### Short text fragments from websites
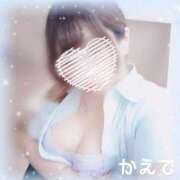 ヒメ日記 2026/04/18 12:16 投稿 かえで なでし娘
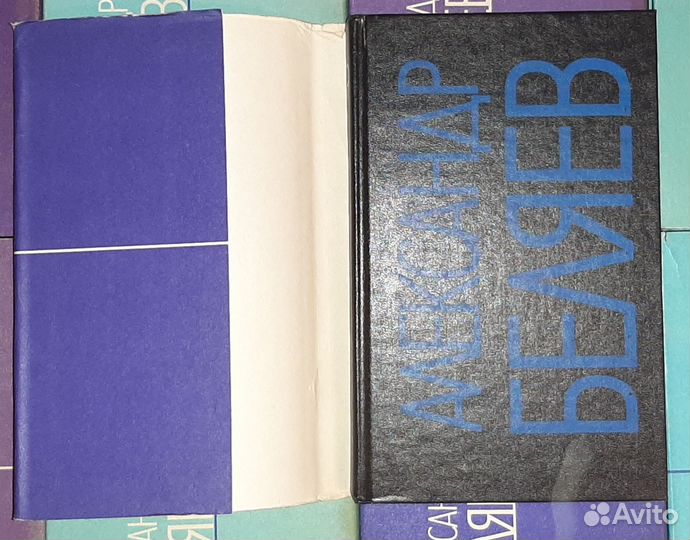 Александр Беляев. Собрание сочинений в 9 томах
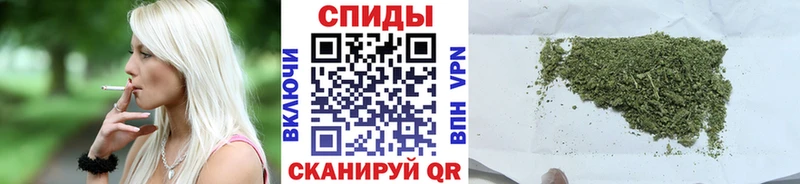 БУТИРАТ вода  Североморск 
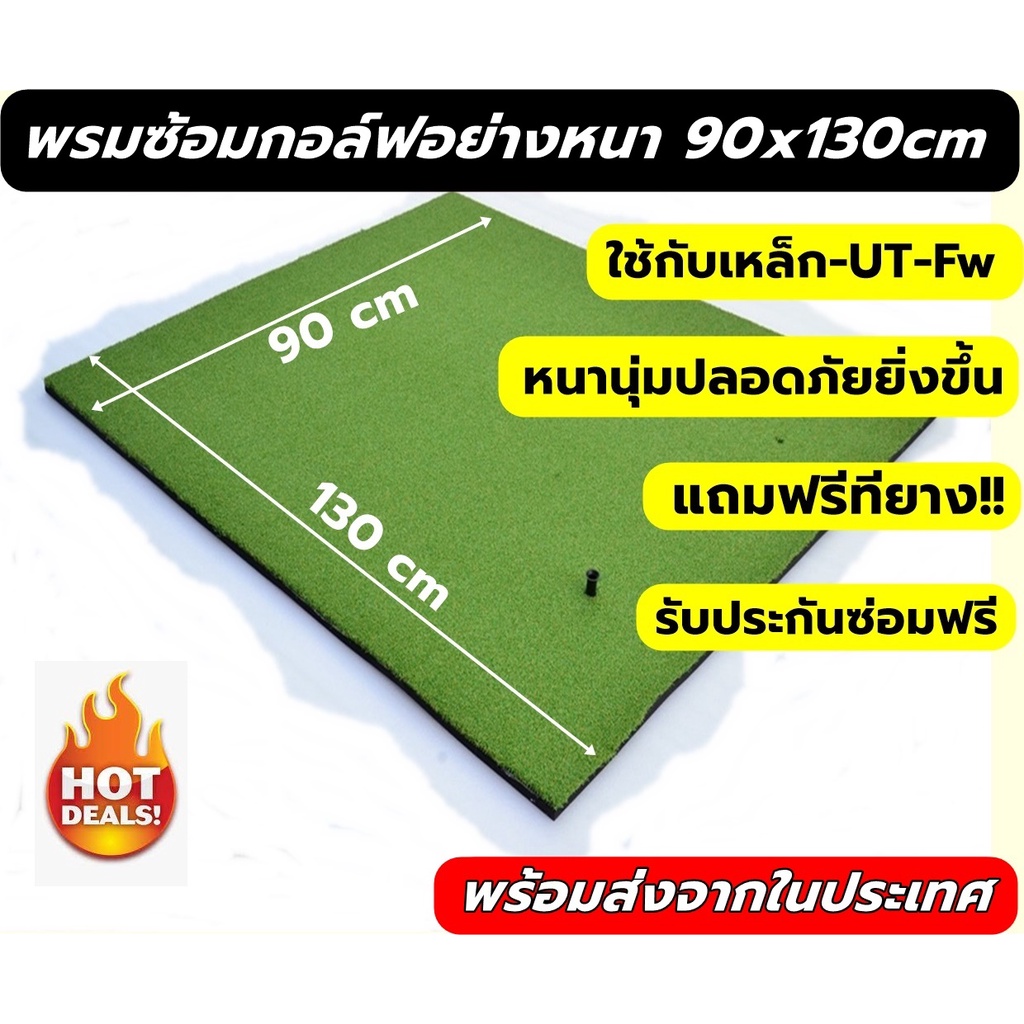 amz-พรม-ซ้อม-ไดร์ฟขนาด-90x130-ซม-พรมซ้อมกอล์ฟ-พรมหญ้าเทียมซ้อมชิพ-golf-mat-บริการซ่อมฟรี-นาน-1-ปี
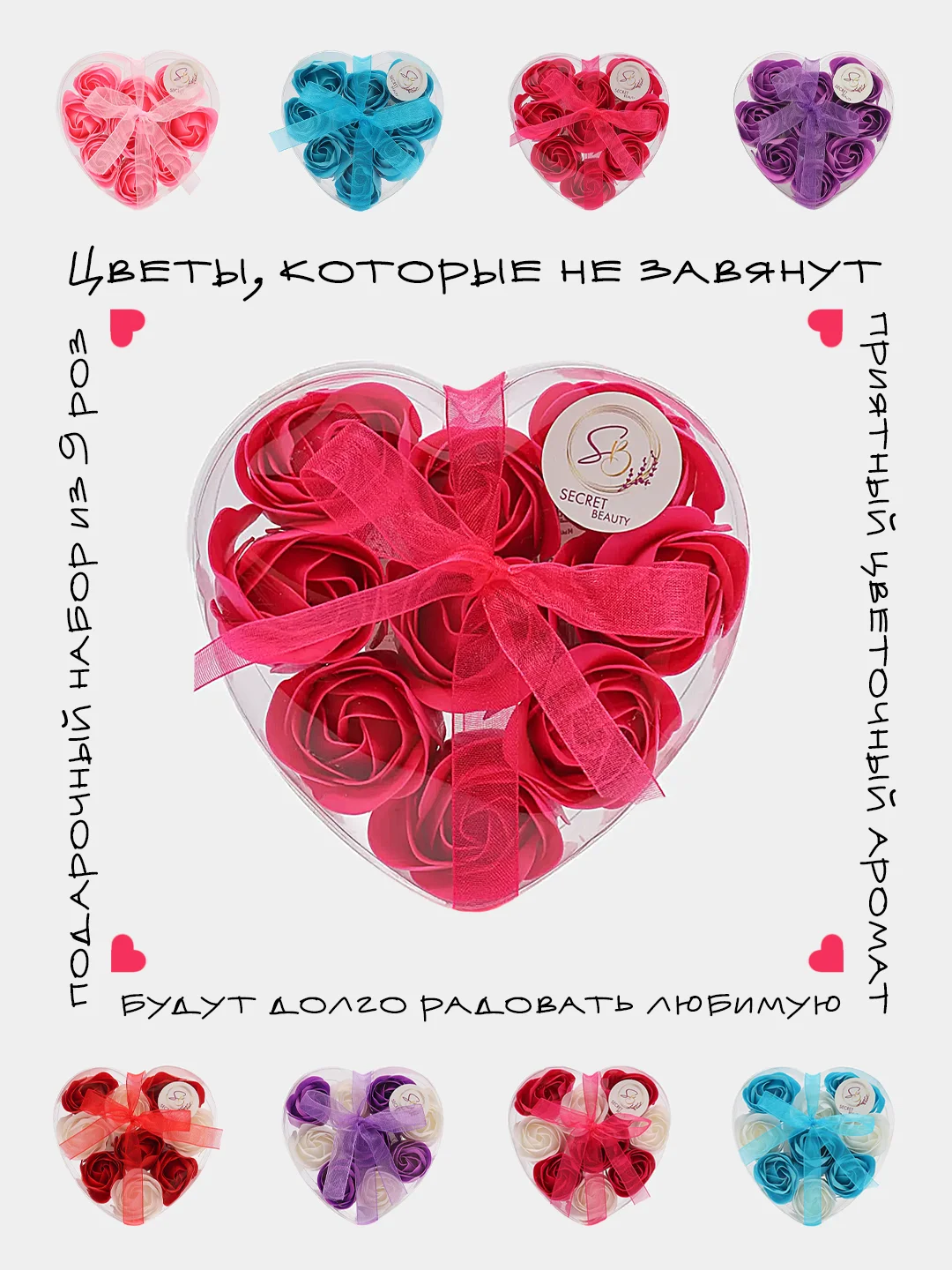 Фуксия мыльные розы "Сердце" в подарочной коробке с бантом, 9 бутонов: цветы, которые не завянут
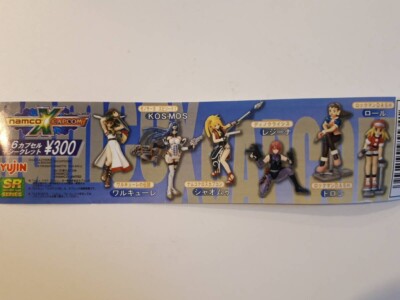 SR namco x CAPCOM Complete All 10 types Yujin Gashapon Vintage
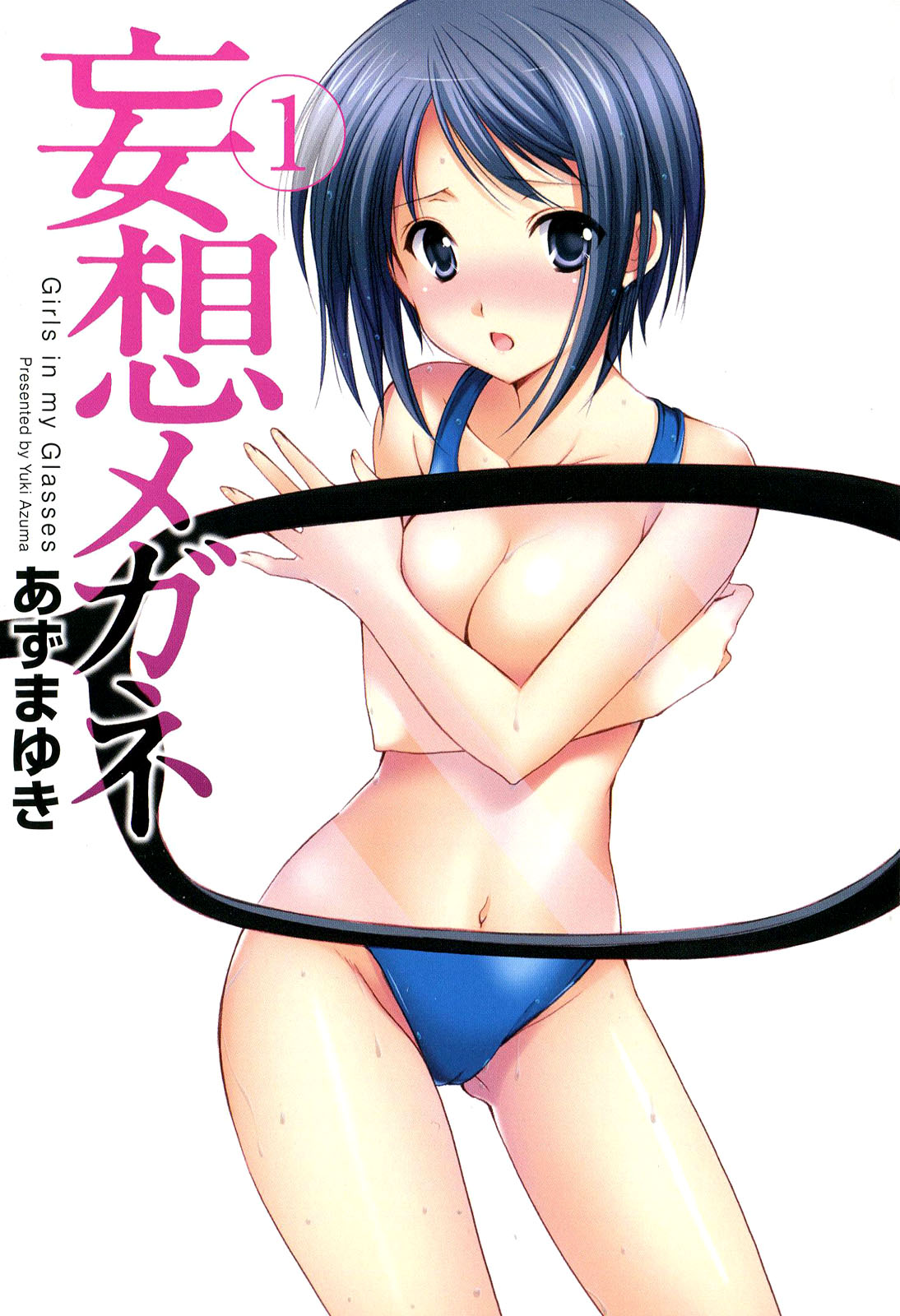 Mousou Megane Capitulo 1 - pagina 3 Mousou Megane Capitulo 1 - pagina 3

==

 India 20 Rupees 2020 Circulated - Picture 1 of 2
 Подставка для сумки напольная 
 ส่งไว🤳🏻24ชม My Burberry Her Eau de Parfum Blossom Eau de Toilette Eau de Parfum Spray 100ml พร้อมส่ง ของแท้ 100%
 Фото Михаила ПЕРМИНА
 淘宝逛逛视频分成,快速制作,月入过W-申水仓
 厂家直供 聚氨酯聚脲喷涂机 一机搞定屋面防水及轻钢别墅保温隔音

...

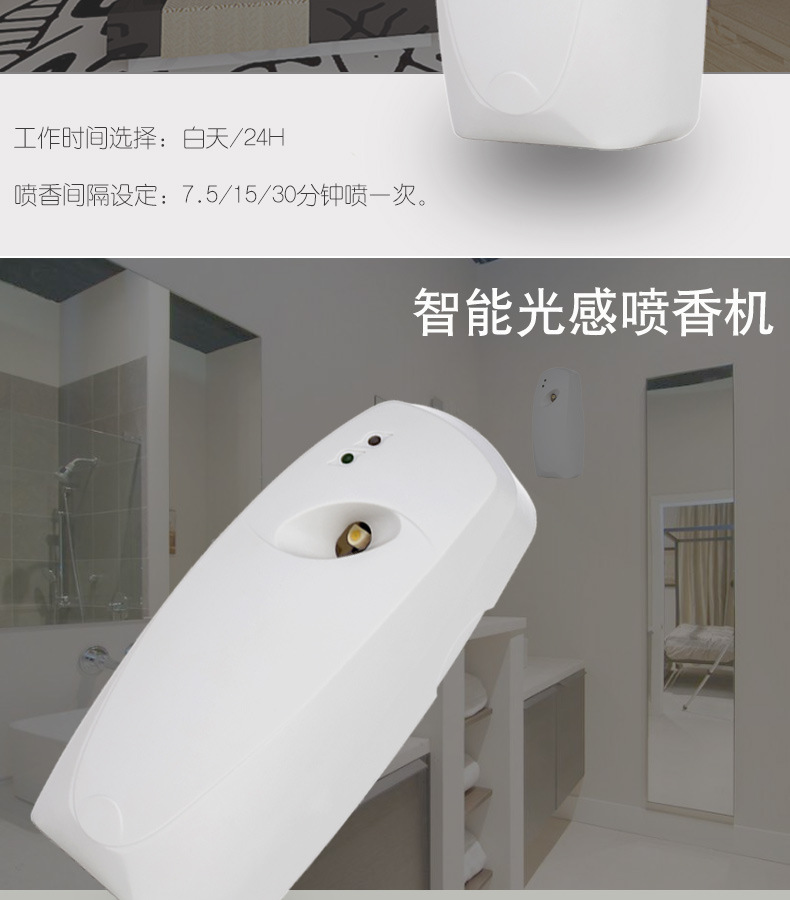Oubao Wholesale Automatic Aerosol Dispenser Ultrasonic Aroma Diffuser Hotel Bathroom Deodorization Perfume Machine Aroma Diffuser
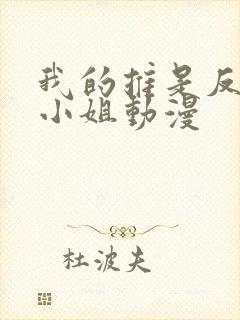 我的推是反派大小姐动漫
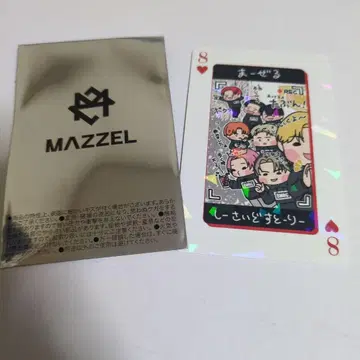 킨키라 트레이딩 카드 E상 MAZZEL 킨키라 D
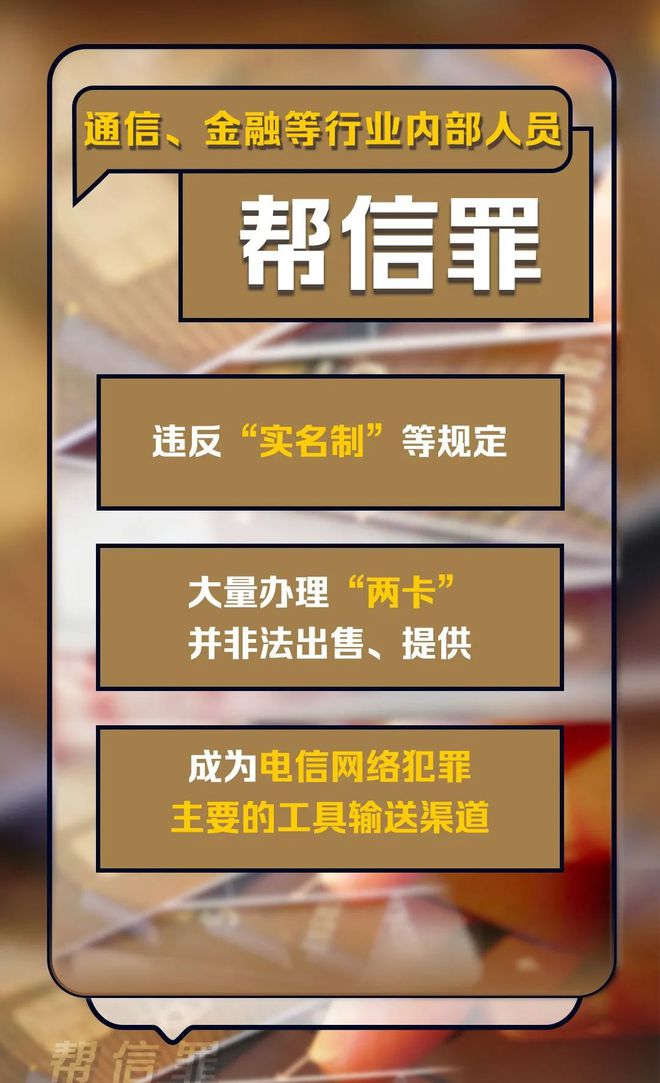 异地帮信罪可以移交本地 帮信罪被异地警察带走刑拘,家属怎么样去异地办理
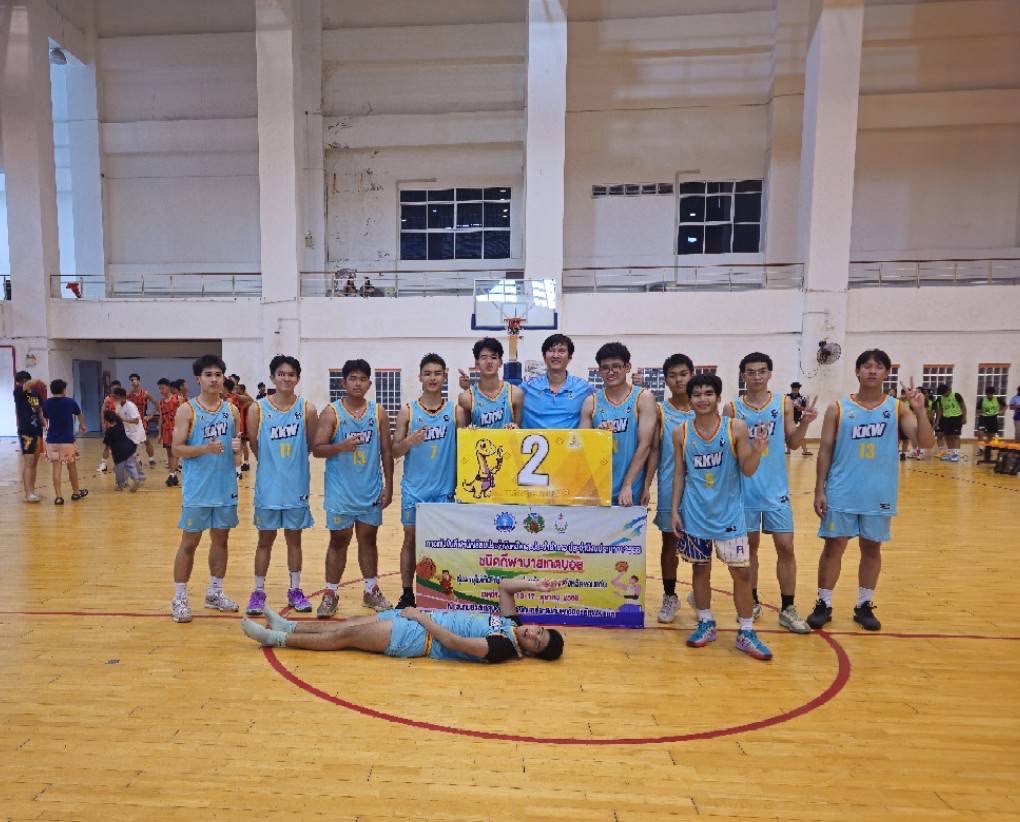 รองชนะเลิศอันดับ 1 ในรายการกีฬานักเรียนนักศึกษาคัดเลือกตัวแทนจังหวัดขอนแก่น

### TASK GOAL
Above are the records; copy exactly the lines from the one with "ヒメ日記 2026/04/18 12:16 投稿 かえで なでし娘" through the one with "Mousou Megane Capitulo 1 - pagina 3 Mousou", including both, and nothing more. Leave out pictures.

### ANSWER AREA
 ヒメ日記 2026/04/18 12:16 投稿 かえで なでし娘
 Александр Беляев. Собрание сочинений в 9 томах
 БУТИРАТ вода  Североморск 
 amz-พรม-ซ้อม-ไดร์ฟขนาด-90x130-ซม-พรมซ้อมกอล์ฟ-พรมหญ้าเทียมซ้อมชิพ-golf-mat-บริการซ่อมฟรี-นาน-1-ปี
 Фуксия мыльные розы "Сердце" в подарочной коробке с бантом, 9 бутонов: цветы, которые не завянут
 SR namco x CAPCOM Complete All 10 types Yujin Gashapon Vintage
 Mousou Megane Capitulo 1 - pagina 3 Mousou Megane Capitulo 1 - pagina 3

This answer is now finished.